Priority expenditure areas for 2014/15 financial year will fall in line with sectors outlined in the Big Results Now (BRN) initiative, which are water, education, agriculture, health, infrastructure and energy.

The minister announced that the state would use private learning institutions to provide education to students in Form Five and Six.

The State Minister in the President’s Office, Stephen Wassira, told a pre-budget session last month that the government would also bank on contributions from the private sector for execution of some plans.

Following pressure from the MPs, the government has also agreed to reduce tax exemptions to at least 1 per cent of GDP. Last week, the government tabled a Bill seeking to amend some financial laws, notably on the area of tax exemptions.

READ: Tax breaks: Dar losing over $20bn

Tax exemptions

In East Africa, Tanzania has the highest rate of tax exemptions, above 2.5 per cent of its GDP.

Ms Mkuya said the law on VAT that is presently pegged at 18 per cent of the product value will also be amended to contribute more to the state coffers. Plans are also underway to introduce a Budget Act as a way of instilling a sense of financial accountability and boosting revenue collections.

Budget figures given by the government earlier show that it plans to collect Tsh19.9 trillion ($12.4 billion) out of which Tsh11.7 trillion ($7.3 billion) will be local revenues. Tax revenue will account for Tsh10.9 trillion ($6.8 billion).

Non-tax revenue will account for Tsh722.7 billion ($451.2 million) and Tsh377.9 billion ($236.2 million) will be raised by Local Government Authorities from their own sources. Some Tsh3.7 trillion ($2.3 billion) is expected from development partners in form of grants and concessional loans.
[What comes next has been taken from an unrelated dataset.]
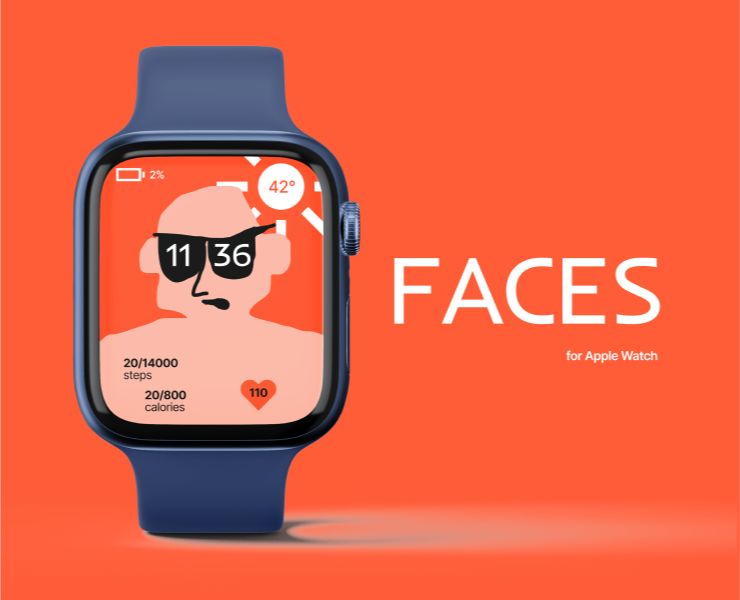 Интерфейс Apple Watch — Интерфейсы, Иллюстрация на Dprofile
To fill the gap, the government plans to borrow Tsh4 trillion ($2.5 billion).

READ: Dar admits facing financial woes, seeks to spend $12.3bn

Commenting on the budget outlook, Dr Lunogela Bohelo of the Economic and Social Research Foundation (ESRF) noted that the government would succeed in its budget proposals if it focused on long term plans to improve infrastructure.

“Improvement of water, electricity and roads will attract many investors and this will, in turn, spur economic growth,” he said.
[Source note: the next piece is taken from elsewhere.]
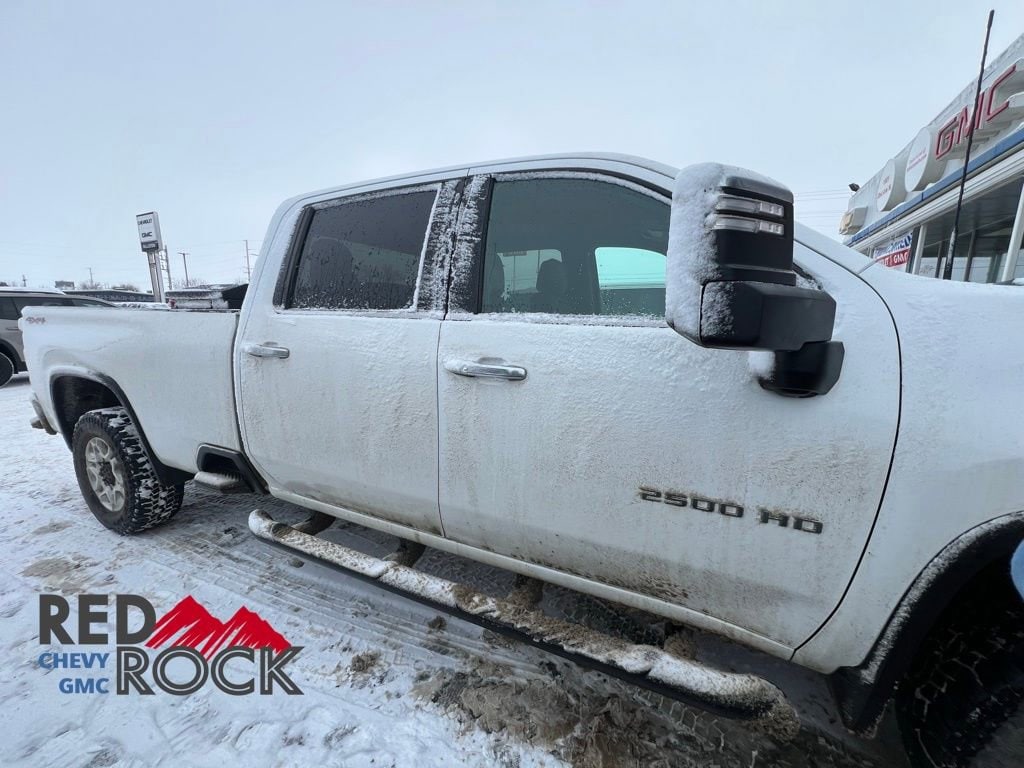 Used 2022 Chevrolet Silverado 2500 HD LTZ Truck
He gave the government a thumbs-up for its rural electrification as well as improvement of rural roads initiatives noting that will enable the majority of Tanzanians to participate in economic activities.

But a professor of economics from the University of Dar es Salaam, Haji Semboja, noted that the budget has been drafted like many others that have come a year before election.

“In the recent past we have seen a tendency of expenditure outpacing revenue collections. This was mooted as a way of stimulating economic activities but the problem is that we don’t collect more as we spend,” he said.

On whether the budget would enable the private sector to play its role as the engine of the economy, Prof Semboja noted that it depends on which sectors receive the government money.

“About 70 per cent of the budget will go to procurement, and government procures from the private sector. But it depends on, first, which private sector receives the money and second, how that private sector is organised to reinvest that money,” he said.

He said people should not expect any tangible changes through this budget because the government’s priorities have remained virtually the same and new initiatives such as much touted BRN, would not introduce any drastic changes if the government continues doing things the same way.